2. Behavioural and structural remedies
Behavioural and structural remedies are regarded as new tools to the existing toolkit of the Turkish Competition Authority (TCA). The TCA may impose behavioural and structural remedies if it finds a competition law infringement. Structural remedies will be implemented if behavioural remedies are not sufficient to tackle the competition law concerns; in any case, the remedies that will be imposed on undertakings must be proportionate and indispensable for the elimination of the competition law violation.
3. De minimis principle
Similar to the EU’s de minimis doctrine, the TCA may not initiate investigations regarding the agreements, concerted actions and undertaking associations that do not significantly restrict competition in the market based on criteria such as market share and turnover. As in EU practice, the Turkish de minimis exception excludes hard-core restrictions such as price-fixing or market sharing. Details regarding, e.g., market share and turnover thresholds will be included in a forthcoming TCA communiqué.
4. Commitment and settlement mechanisms
With the amendment, undertakings or associations of undertakings may now submit commitments to the TCA during a preliminary investigation or an investigative stage in order to eliminate concerns regarding competition law violations. If the commitments submitted by the undertaking are deemed to have sufficiently addressed the competition law concerns, the TCA may cease proceedings against the relevant undertaking. Similar to the de minimis exception, hard-core restrictions (e.g. price-fixing, market sharing) are excluded from the commitment mechanism. The commitments process is a long-awaited and welcomed enhancement to Turkish law. The previous rules were inefficient and resulted in wasted resources, as the TCA had to go through all necessary procedural steps (Turkish competition investigations include three written and one oral defence) and undertakings were encouraged to defend “lost cases” to the end.

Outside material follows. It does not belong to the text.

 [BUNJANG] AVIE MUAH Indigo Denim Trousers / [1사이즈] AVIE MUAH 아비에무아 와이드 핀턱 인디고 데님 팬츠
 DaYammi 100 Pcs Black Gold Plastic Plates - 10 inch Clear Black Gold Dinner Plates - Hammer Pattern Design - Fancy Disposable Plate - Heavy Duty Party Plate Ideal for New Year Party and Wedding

The settlement method is another new mechanism introduced to Turkish competition law. After the initiation of an investigation at the request of either the TCA or by one or more of the parties, a settlement procedure may begin. A party wishing to invoke the settlement procedure must submit a settlement letter to the TCA indicating that it has been participating in a competition law infringement. The introduction of the settlement method is aimed at shortening the process and finalising it quickly once an investigation has been initiated, as well as to decrease the public expenditure that may arise due to procedural costs.
The administrative monetary fines to be imposed will be decreased by 25% for undertakings that settle with the TCA. It has been stated that this 25% discount will not revoke the implementation of the 25% early-payment discount applied under Law No. 5326 on Misdemeanours. Thus, an undertaking that prefers to use the settlement procedure may be able to obtain a 50% discount on the administrative fine to be imposed by the TCA.

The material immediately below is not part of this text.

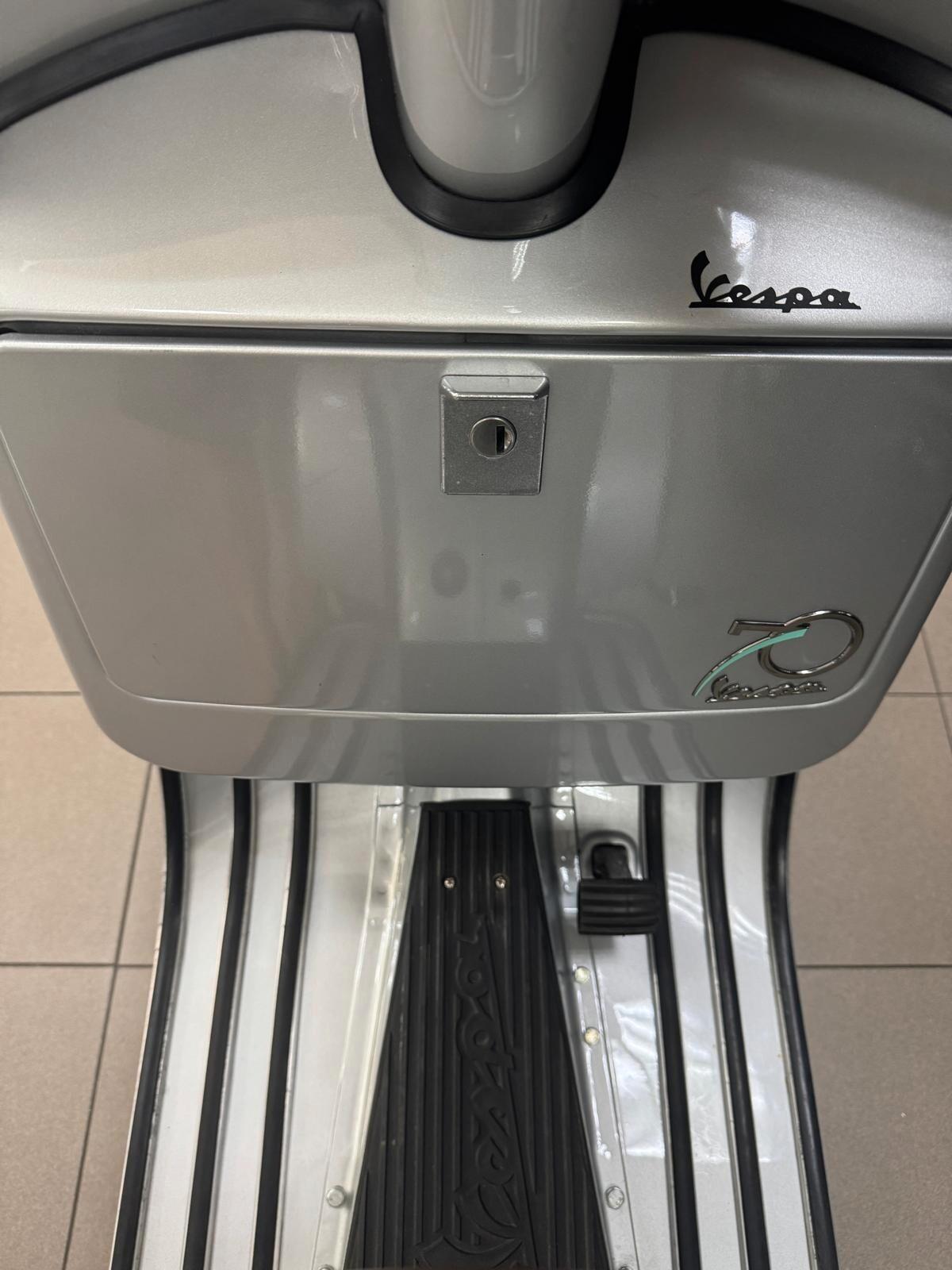 Piaggio Vespa 150 PX 70° ANNIVERSARIO SOLI 2.000 KM REALI PARI AL NUOVO!!!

5. Digital inspection powers
Article 15 of Law 4054 regulates the TCA’s entitlement of examination. The first paragraph of this article has been amended to make it explicit that the TCA’s entitlement extends to the digital assets of undertakings under investigation. Previously the law did not explicitly state that the TCA had the right to access digital assets. Although it was generally agreed that the TCA had this authority, the legislation lacked clarity. The amended wording now clearly states that, ‘the Authority may examine the books, any data and documents kept in the physical and electronic media and information systems, [and] take copies and physical samples of them’.
This amendment strengthens the TCA’s investigative powers and can be interpreted as a response against the numerous decisions on hindering of on-site inspections that have been taken recently by the TCA due to problems in accessing the information systems of undertakings under investigation.